**Data for this task**
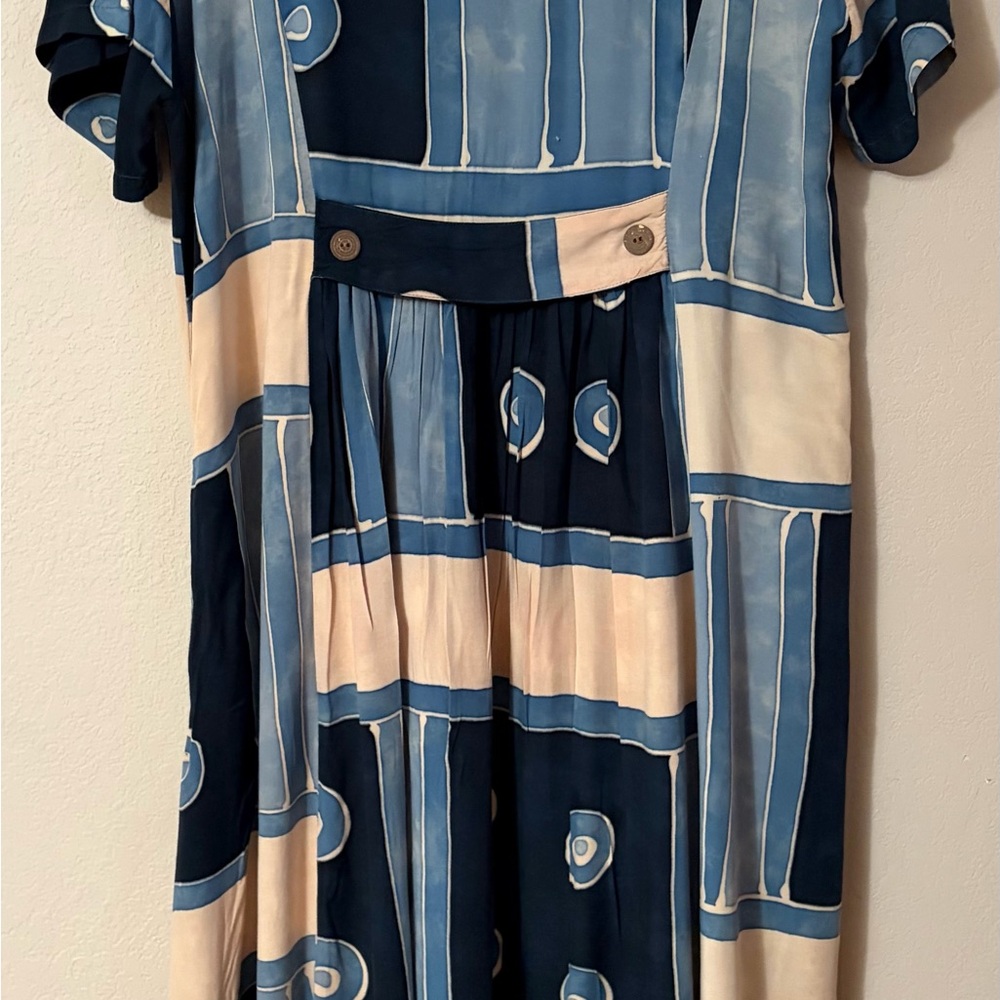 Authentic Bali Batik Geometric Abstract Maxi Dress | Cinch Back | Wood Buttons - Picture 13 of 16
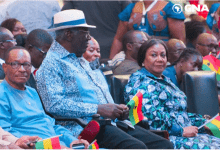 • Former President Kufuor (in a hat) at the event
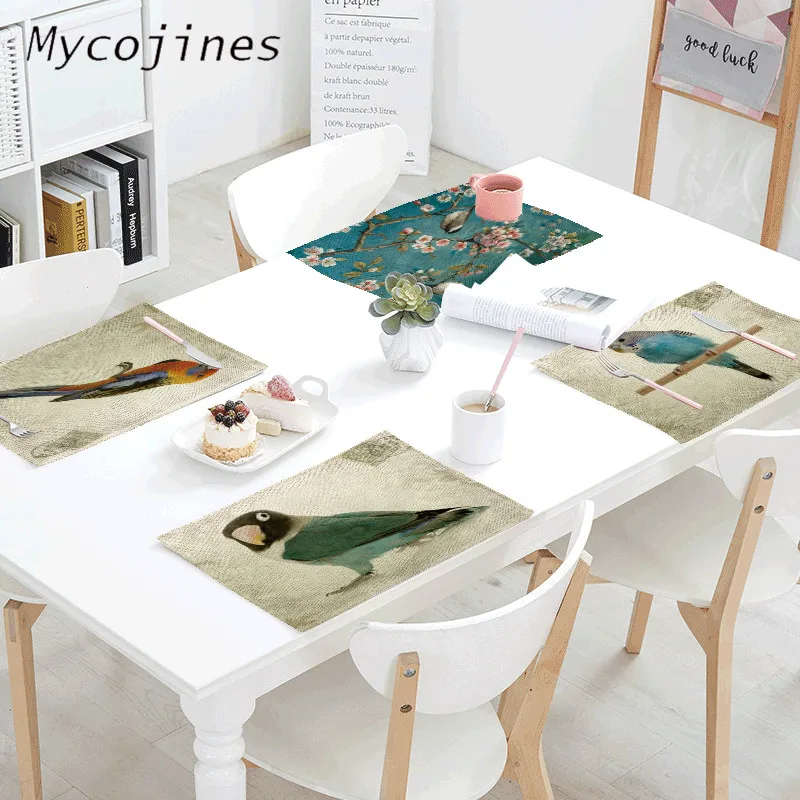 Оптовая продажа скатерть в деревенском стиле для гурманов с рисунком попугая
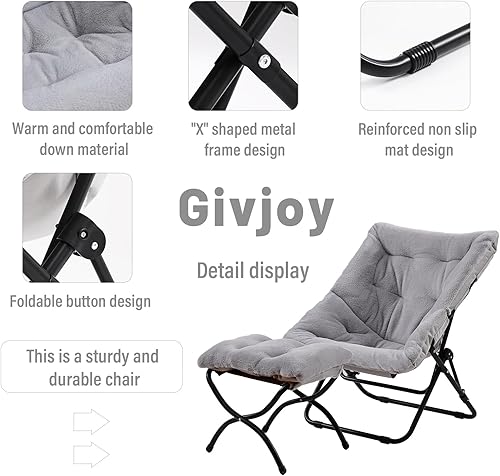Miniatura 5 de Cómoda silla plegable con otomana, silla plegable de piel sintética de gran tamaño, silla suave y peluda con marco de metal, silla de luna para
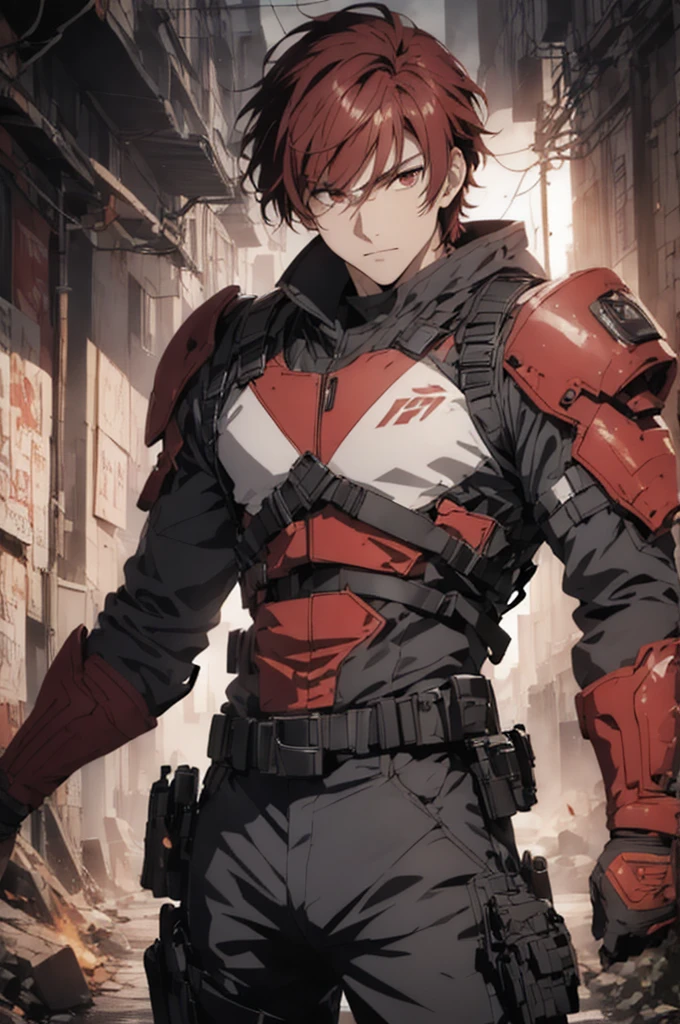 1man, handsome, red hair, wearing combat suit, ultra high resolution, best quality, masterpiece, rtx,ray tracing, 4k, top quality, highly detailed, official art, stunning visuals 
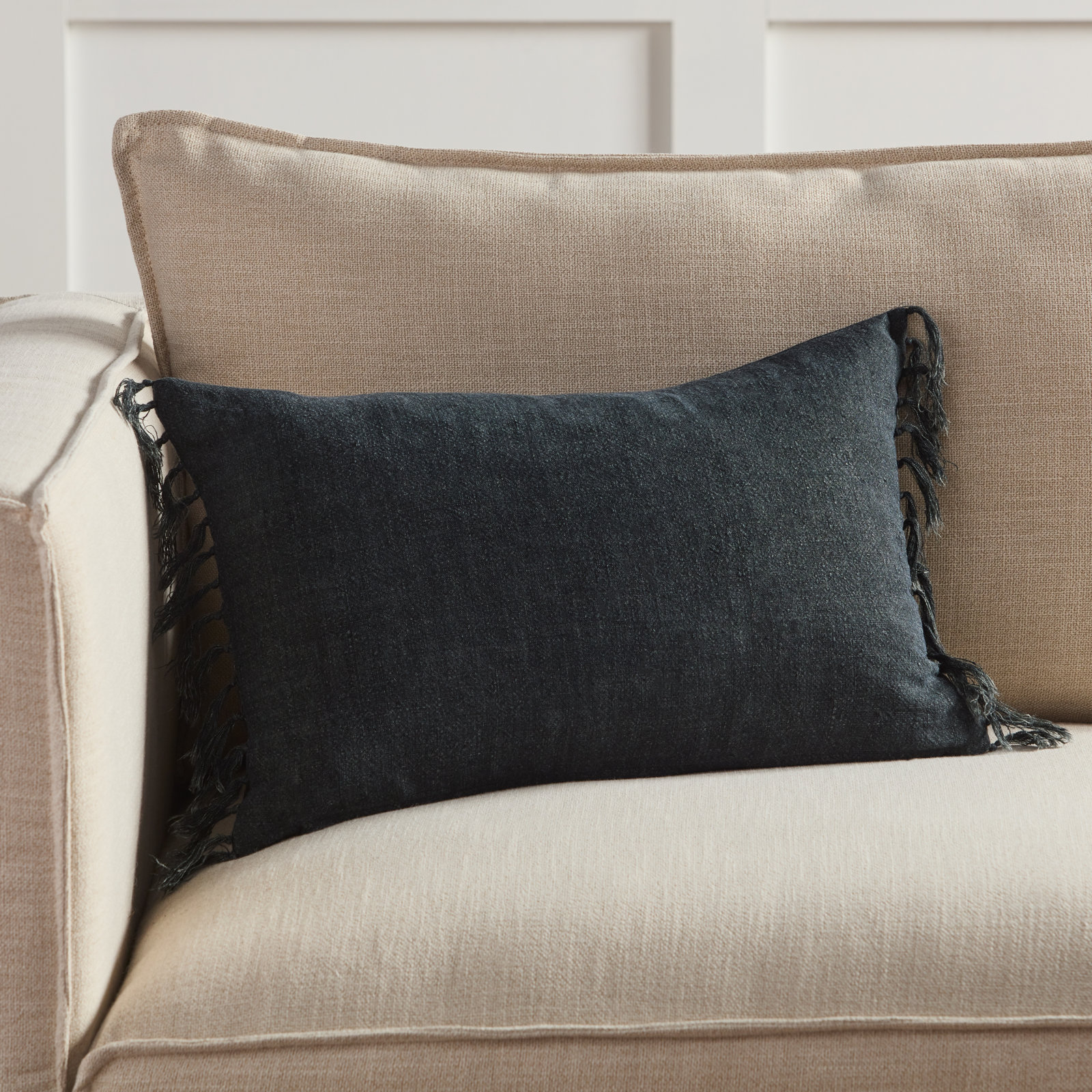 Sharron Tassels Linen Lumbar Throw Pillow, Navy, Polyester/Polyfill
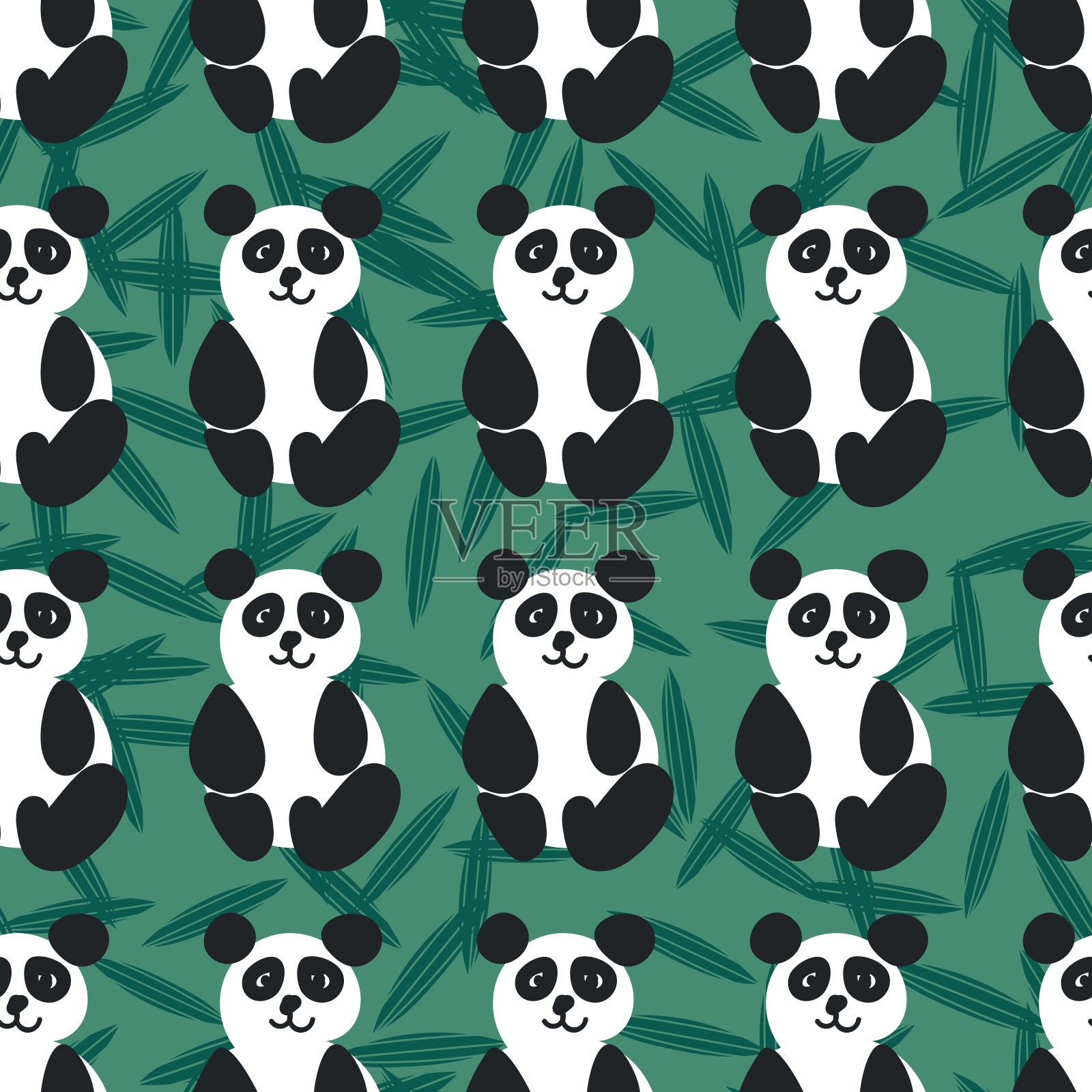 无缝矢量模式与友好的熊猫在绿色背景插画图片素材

**Task to carry out**
Repeat, exactly and with no pictures, each line from the line that holds "Sharron Tassels Linen" through the last line of the records above.

**Result of this task**
 Sharron Tassels Linen Lumbar Throw Pillow, Navy, Polyester/Polyfill
 无缝矢量模式与友好的熊猫在绿色背景插画图片素材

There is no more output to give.